The lighting division, ASEA Belysning, emerged as a distinct creative force from the 1930s onward, producing a range of domestic and commercial fixtures that placed the company squarely within the Swedish functionalist tradition. Where the industrial side of the business dealt in turbines, locomotives, and high-voltage transformers, the design offices turned out desk lamps, floor lamps, pendant lights, and chandeliers for Swedish homes and institutions. The timing aligned perfectly with the functionalist wave that swept Scandinavian design following the landmark 1930 Stockholm Exhibition.
The collaborations ASEA pursued gave its lighting lasting art-historical significance. Erik Gunnar Asplund, the architect and designer who served as chief architect of that 1930 exhibition and became the defining figure of Swedish functionalism, contributed pendant and wall lamp designs that combined mouthblown glass with clean geometric forms. Hans Bergström, who founded Ateljé Lyktan in 1942 and spent three decades as one of Sweden's most productive lighting designers, contributed brass and opaline glass pieces to the ASEA catalog throughout the 1940s and 1950s.

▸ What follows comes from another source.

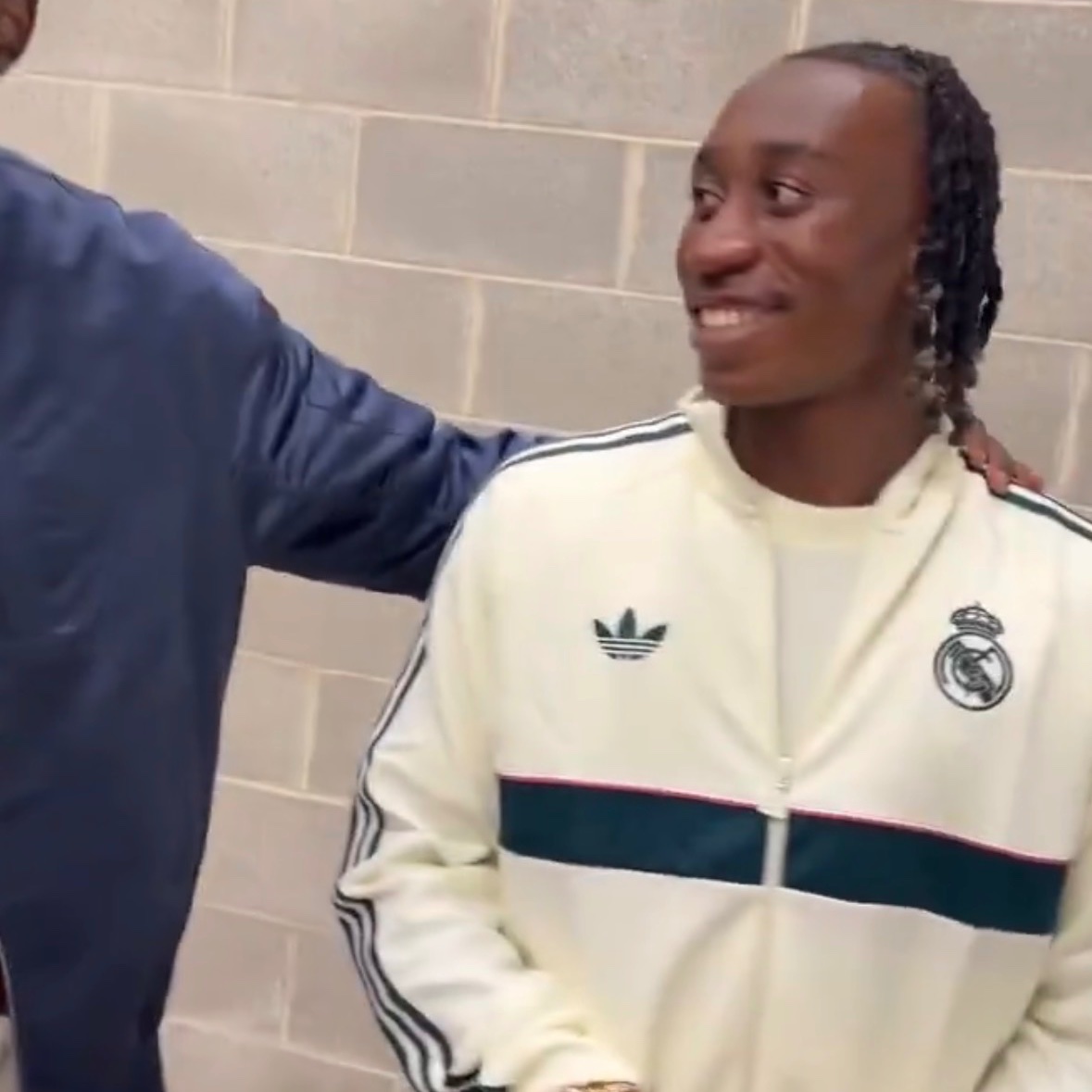 MadridXtra's tweet photo. 🗣️Yan Diomandé: “If it’s Mbappé, then I’m his little one (brother).”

Lamp models were assigned systematic codes - E1168, E1325, E2140, A2462 - suggesting a manufacturing operation that was both industrially organized and design-conscious.

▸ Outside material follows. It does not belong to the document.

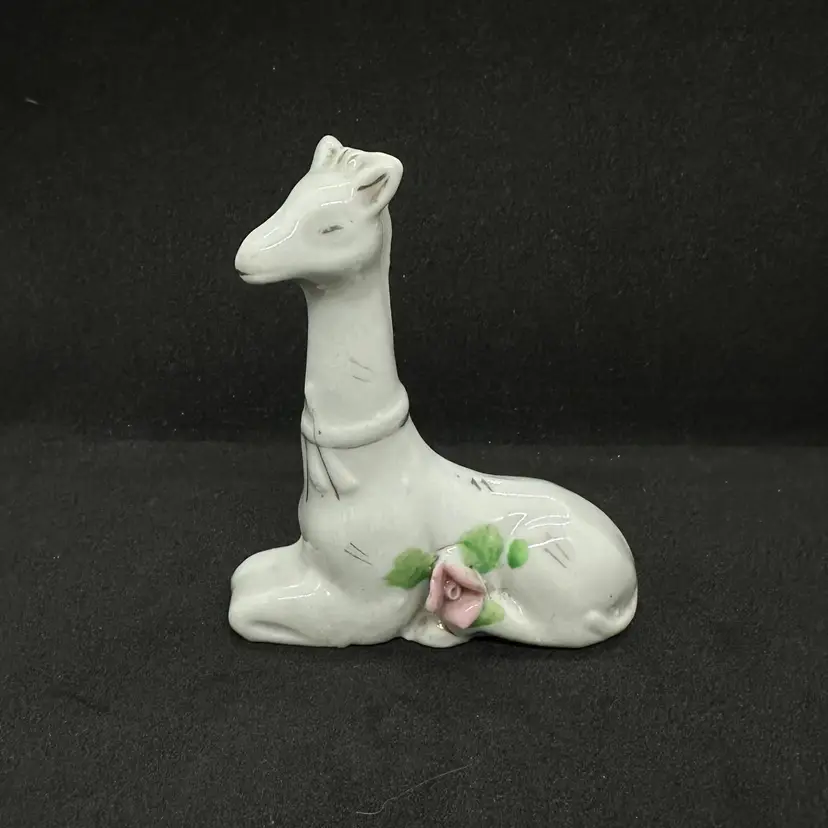 Vintage 80's Porcelain Giraffe Figurine Rose Gold Small Sleeping Baby Rare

The materials ASEA favored read as a primer on mid-century Scandinavian taste: brass bodies with fabric or glass shades, grey-lacquered metal with brass details, linen-wrapped columns, and milk-white opaline glass that diffused light softly across a room. The funkis ceiling lamps with their counterweight suspension mechanisms appear regularly at Scandinavian auction houses, as do pairs of floor lamps from the first half of the century and the slender desk lamps with chrome and lacquered metal bodies. A 1950s "Cebe" desk lamp in the E1261 series, the Skandia pendant series, and the model E2140 pendant from the 1950s represent the range of the company's output.

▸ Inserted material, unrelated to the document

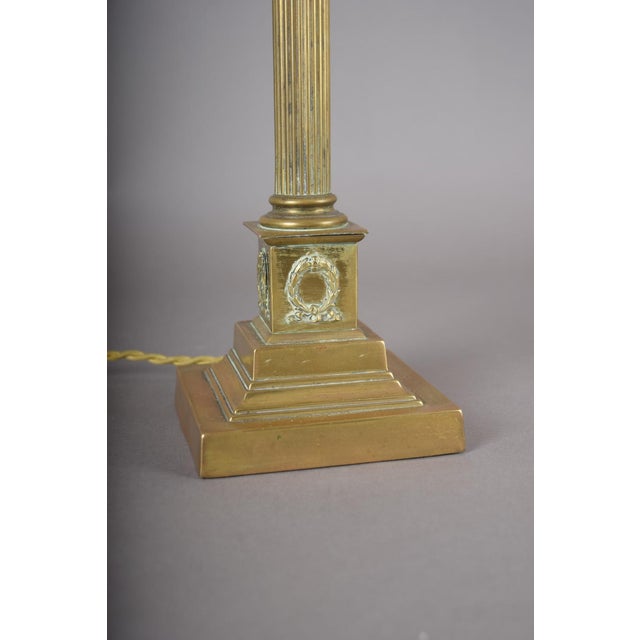 Gold Louis XVI Neoclassical Gilded Brass Fluted Column Table Lamp with Laurel Wreath Relief, Europe, 1930s For Sale - Image 8 of 13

At auction in Sweden, ASEA lighting turns up regularly at Bukowskis, Stockholms Auktionsverk, Skånes Auktionsverk, and Crafoord Auktioner. The 25 items catalogued across the platform span ceiling lights, floor lamps, desk lamps, wall lights, and table lamps, with the most sought-after pieces being matched pairs - a pair of 1950s brass desk lamps reached 9,500 SEK, while individual ceiling pieces and funkis pendants typically trade in the 385 to 3,153 SEK range. Pairs consistently outperform singles, a pattern that reflects both the difficulty of finding matched vintage examples and the practical appeal of symmetrical installations.